You decide how to act, react, speak, and discipline yourself.
Be the change you want to see.
It’s not “impossible” to change the mood.
Why can’t you focus on the positive?
Speak life and not death.
Stop complaining.
Punch negativity in the face…figuratively.
We hurt others, because we’re hurt ourselves from something else.
Hurt people hurt people.
Let things go.
If you’re acting in generous ways and speaking to others in positive ways, they will notice and enjoy you more than if you were negative.

Out of all the classes I was asking these questions in, I “went off” in a specific one.  What I mean is that I raised my voice as if I was at a football game (those of you who’ve been at games with me understand). 

Let me explain.  A certain student was berated a teacher on how horrible they were.  I asked why they thought this.  They couldn’t give me a solid reasoning.  Now, I do understand that some teachers at times seem very unrealistic or are what us Health & PE majors call “ball rollers”.

Anywho, this student kept being mean in their words, and other students were agreeing with what was being said.  It hit a nerve of mine. 

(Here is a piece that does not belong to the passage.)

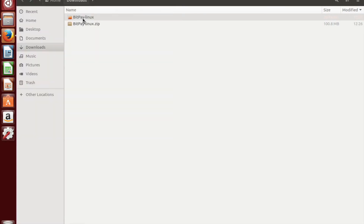There we are — the BitPay Linux files. Now how do we access it? This gets a little bit tricky, so follow along very carefully.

In my loud voice I said something like this… “All you’re doing is speaking death right now!  Do you realize we have the power of speaking life or death in our words?!  If all you do is speak death, then nobody will want to be around you!  How about this for example to be more clear on what I mean…I think you’re absolutely a pathetic excuse of a human being!  Stupid!  Scum of the earth with no purpose! …or I can say… I think you’re great looking, you have a brilliant mind, and a fantastic future ahead of you!  Which would you rather listen too!?  Do you understand?!”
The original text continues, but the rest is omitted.